Task details:
Go to the line with "Batteriehalter Steps für" in the entries below and write out every line from there through the line with "Trademark FAN BON + Logo", exactly and without pictures.

Data for analysis:

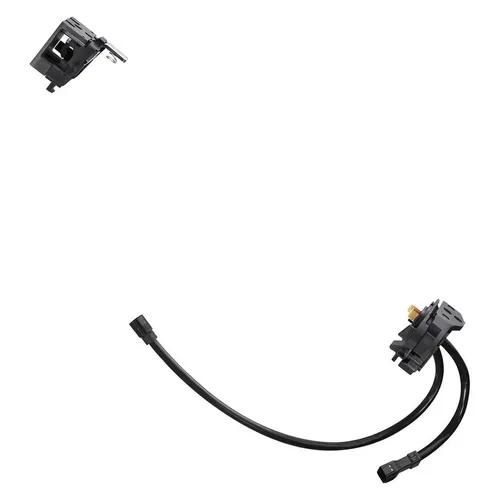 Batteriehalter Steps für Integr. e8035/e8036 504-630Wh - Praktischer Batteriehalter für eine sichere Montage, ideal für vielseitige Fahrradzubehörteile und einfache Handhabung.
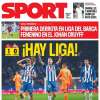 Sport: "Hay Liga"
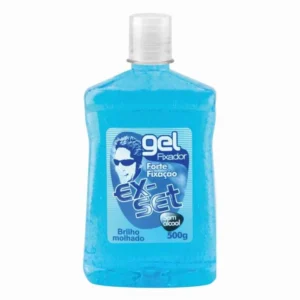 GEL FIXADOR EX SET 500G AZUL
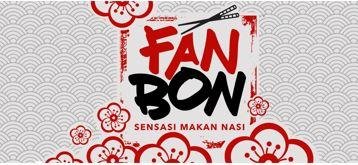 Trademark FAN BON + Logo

==

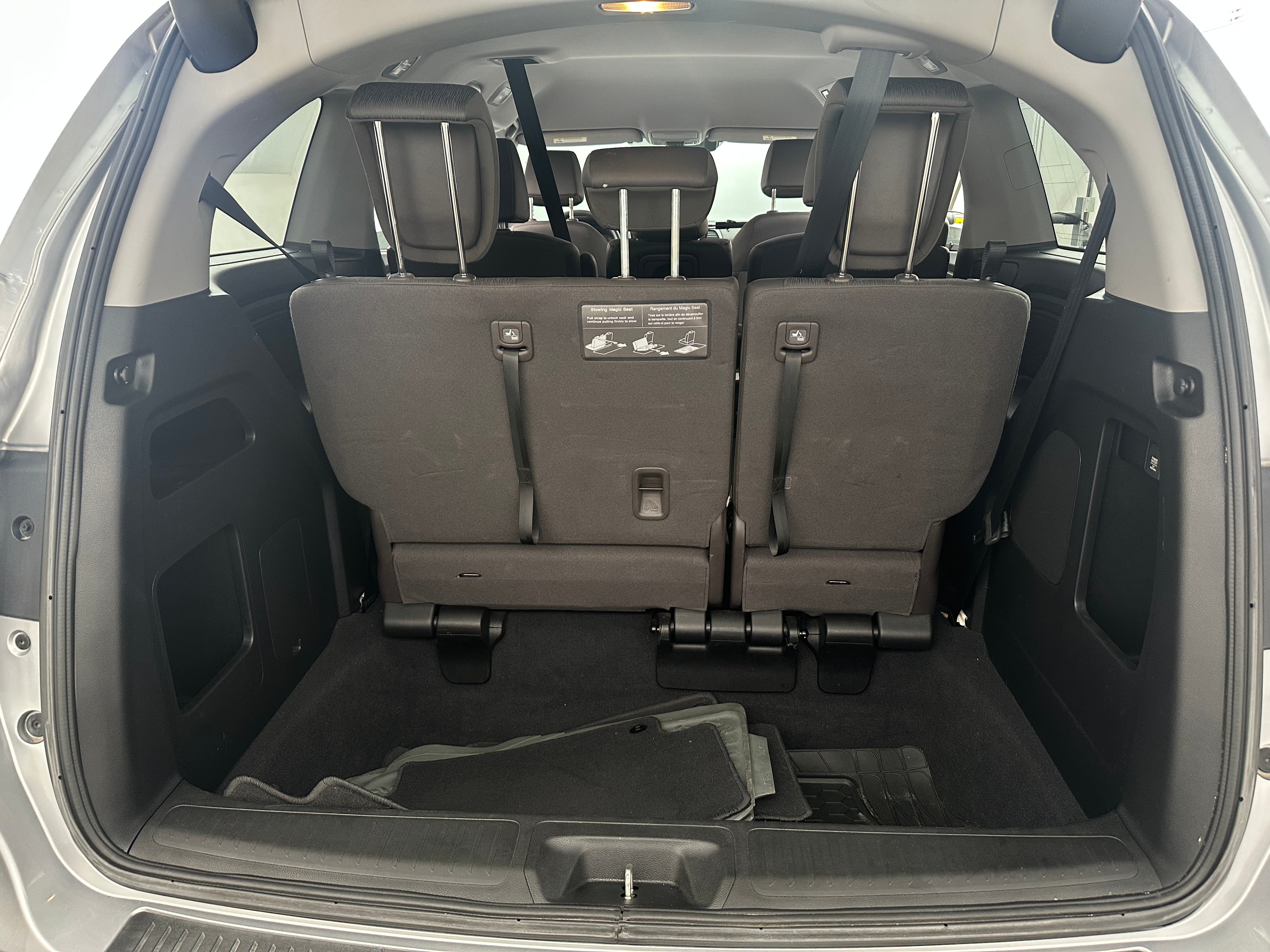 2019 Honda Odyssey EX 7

==

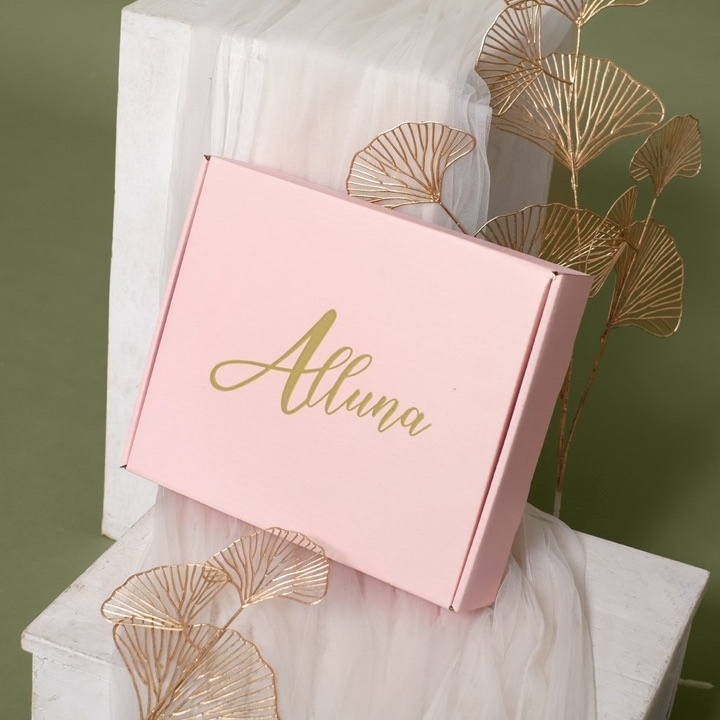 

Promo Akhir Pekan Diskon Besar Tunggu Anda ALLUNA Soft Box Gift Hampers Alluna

Answer box:
 Batteriehalter Steps für Integr. e8035/e8036 504-630Wh - Praktischer Batteriehalter für eine sichere Montage, ideal für vielseitige Fahrradzubehörteile und einfache Handhabung.
 Sport: "Hay Liga"
 GEL FIXADOR EX SET 500G AZUL
 Trademark FAN BON + Logo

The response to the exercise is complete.